Exercise instructions: When you reach the line containing "DATADART AETHER 95% STEEL TIP DARTS" in the records below, start copying exactly, and stop once you have copied the line containing "Damen Corinthians Paulista".

Data for analysis:
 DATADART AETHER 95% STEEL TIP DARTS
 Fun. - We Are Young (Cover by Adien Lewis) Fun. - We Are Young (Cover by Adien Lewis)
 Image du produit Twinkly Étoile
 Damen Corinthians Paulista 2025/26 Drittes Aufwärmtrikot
...
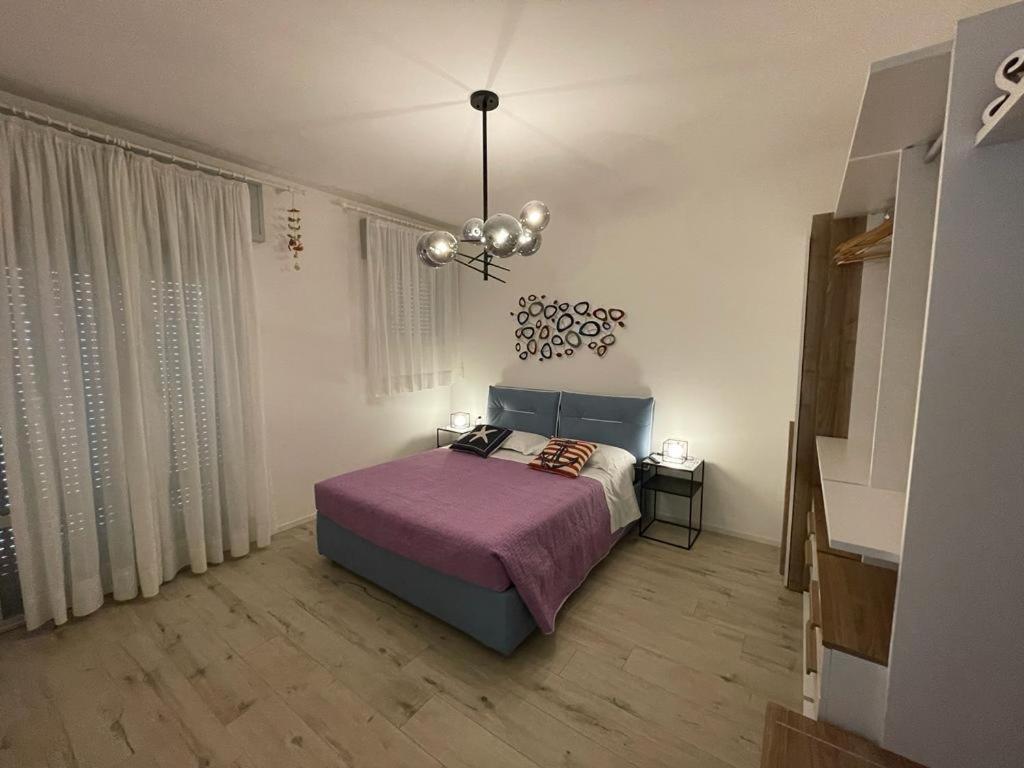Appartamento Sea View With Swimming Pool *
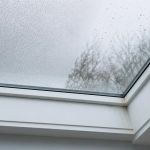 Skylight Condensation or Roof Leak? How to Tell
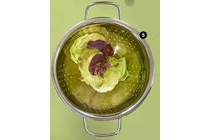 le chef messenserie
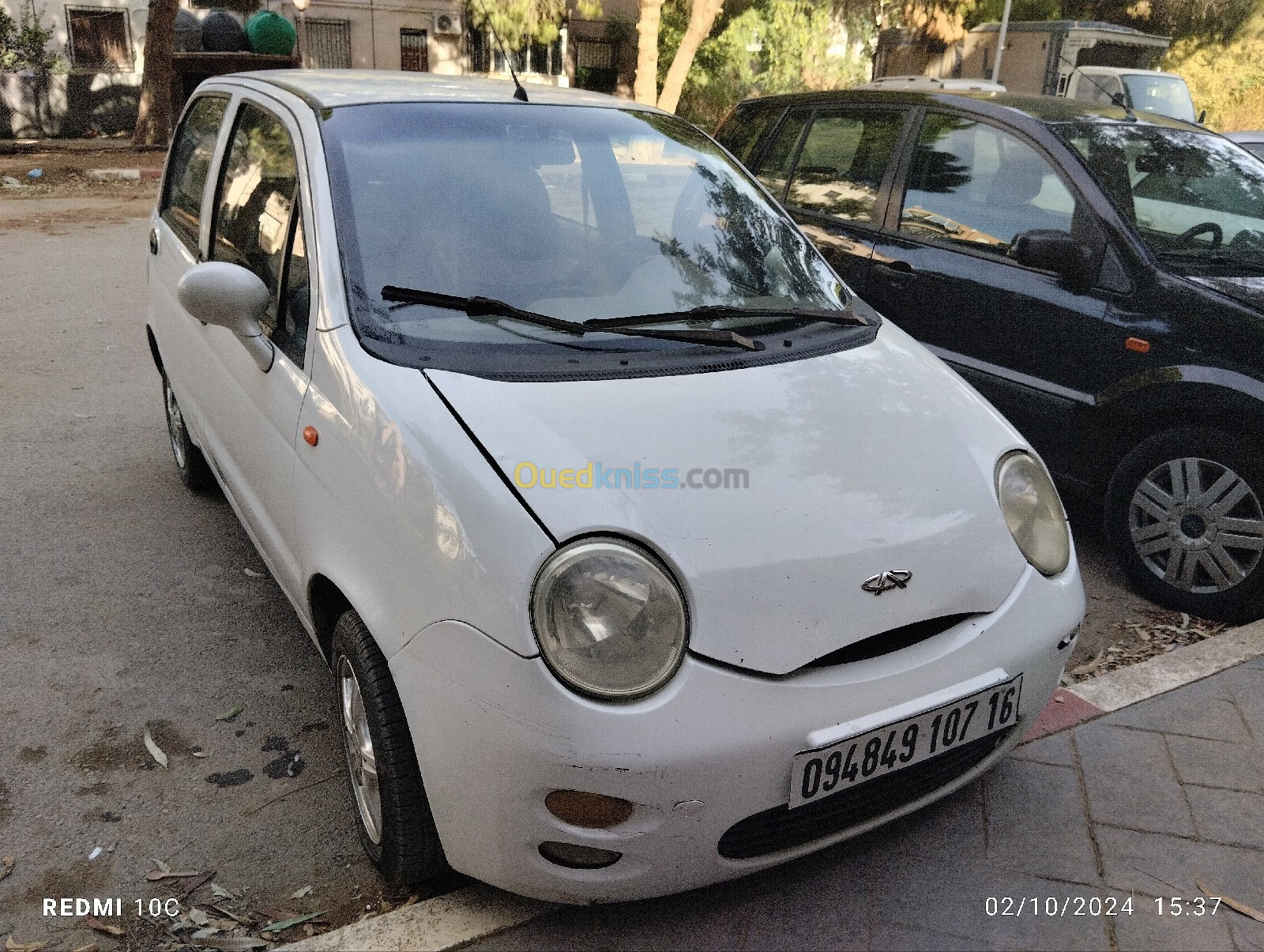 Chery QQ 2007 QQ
---
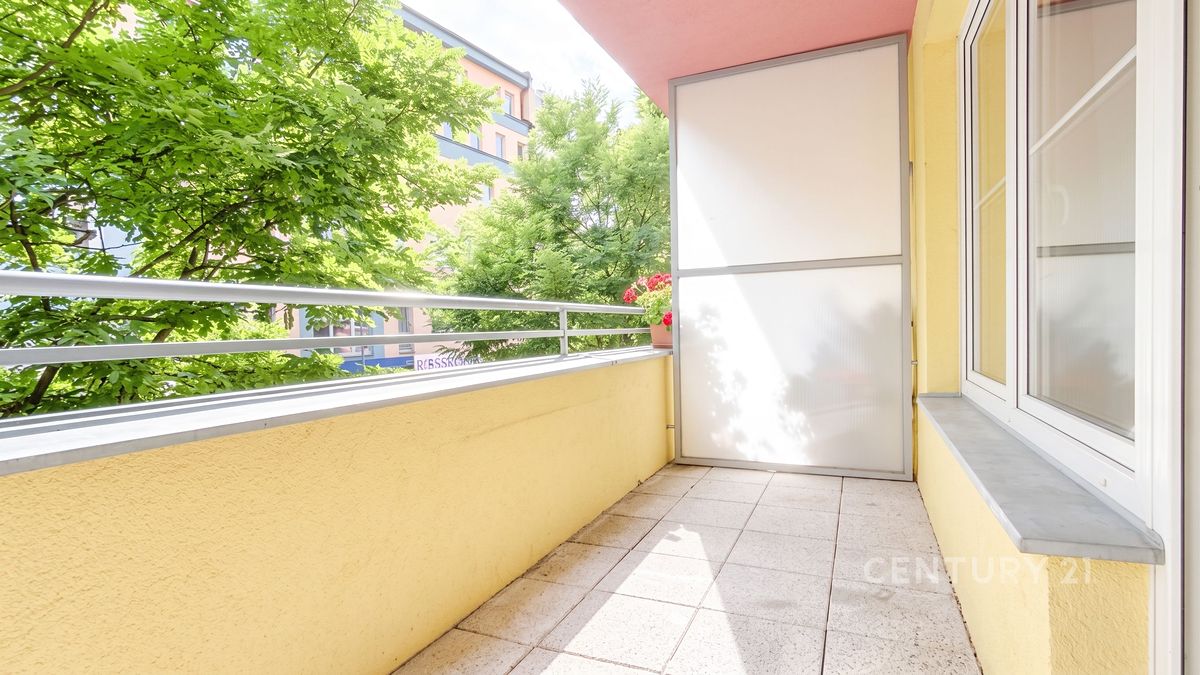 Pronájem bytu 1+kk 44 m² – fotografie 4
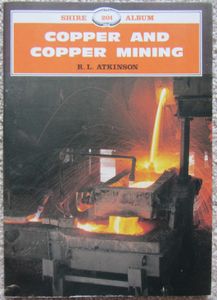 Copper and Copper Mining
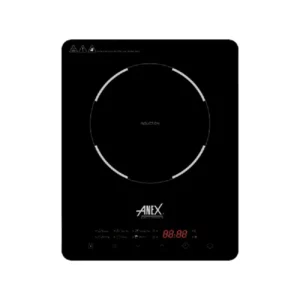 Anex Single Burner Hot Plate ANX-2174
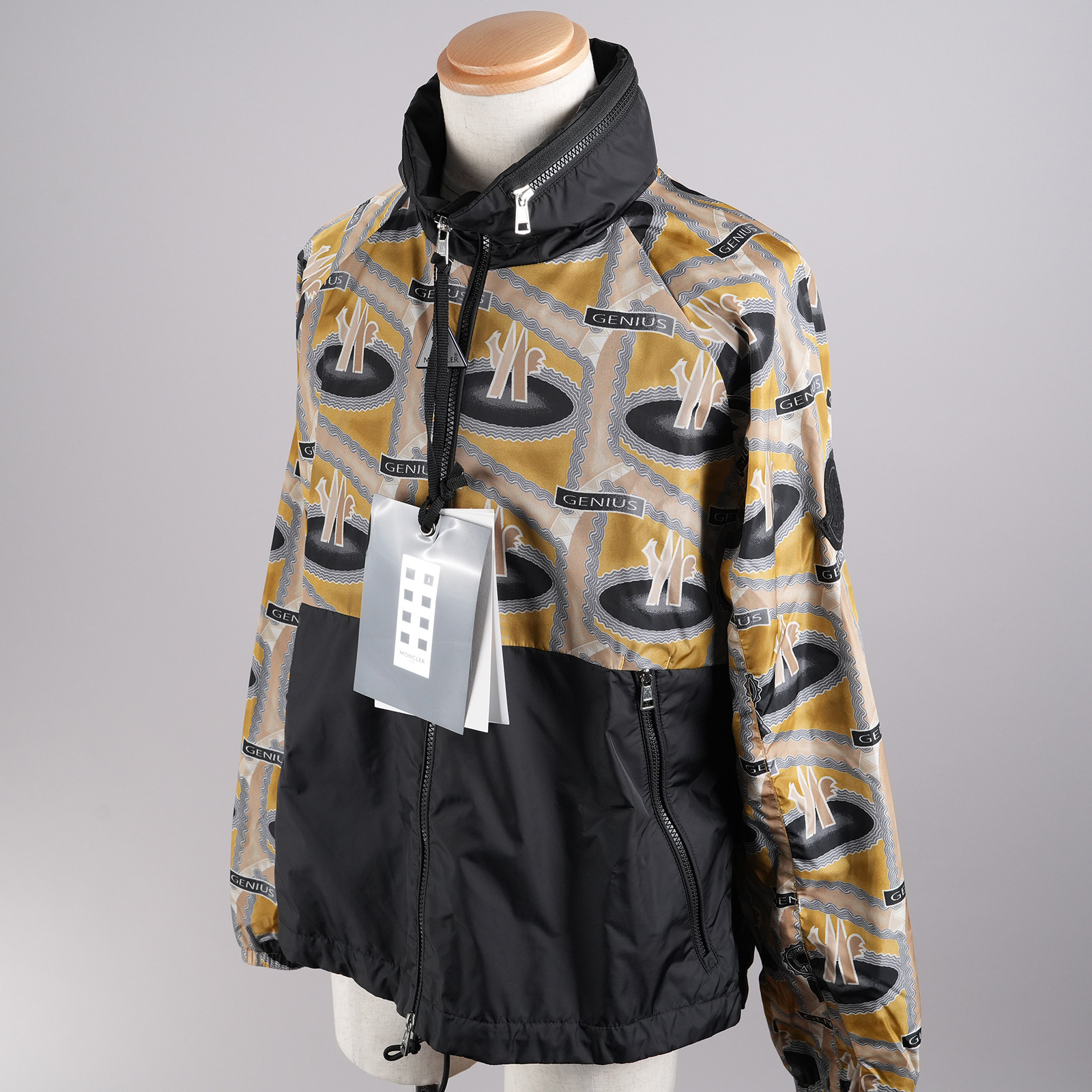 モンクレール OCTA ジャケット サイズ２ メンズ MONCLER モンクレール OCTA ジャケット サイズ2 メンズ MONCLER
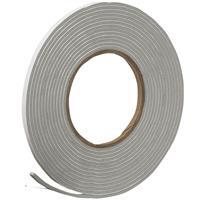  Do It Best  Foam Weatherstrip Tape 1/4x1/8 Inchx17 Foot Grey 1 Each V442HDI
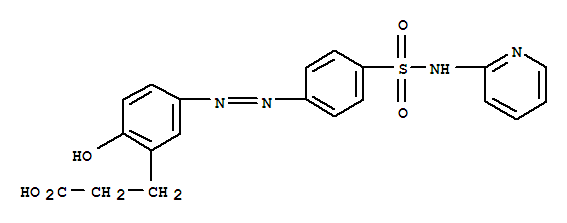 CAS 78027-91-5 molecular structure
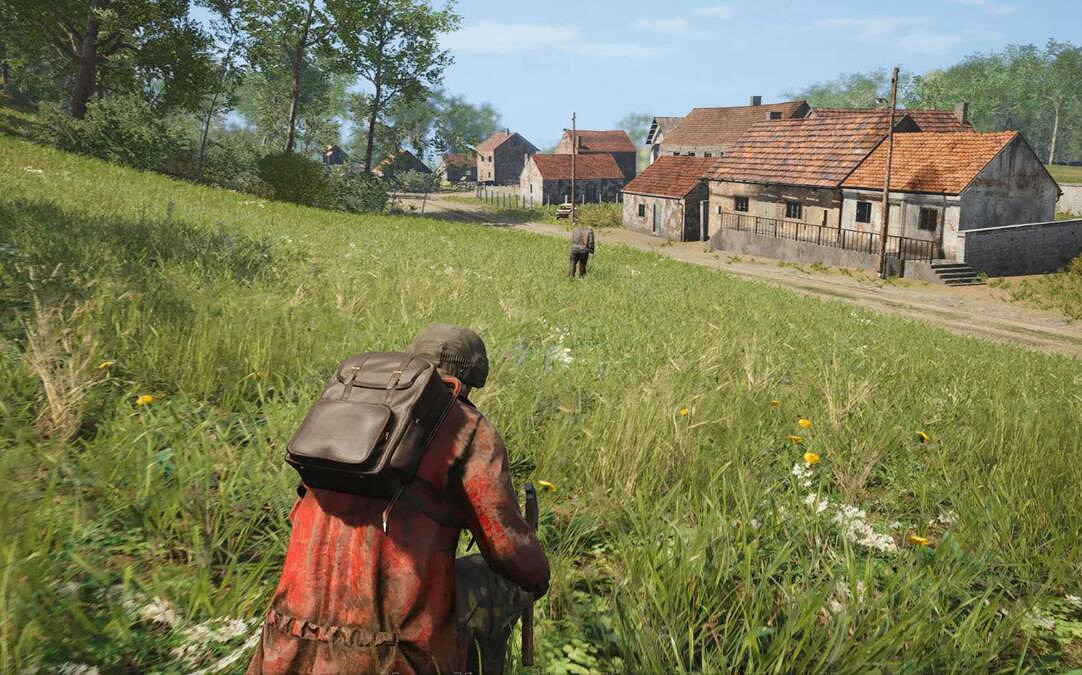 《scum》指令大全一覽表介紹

Worked solution:
 DATADART AETHER 95% STEEL TIP DARTS
 Fun. - We Are Young (Cover by Adien Lewis) Fun. - We Are Young (Cover by Adien Lewis)
 Image du produit Twinkly Étoile
 Damen Corinthians Paulista 2025/26 Drittes Aufwärmtrikot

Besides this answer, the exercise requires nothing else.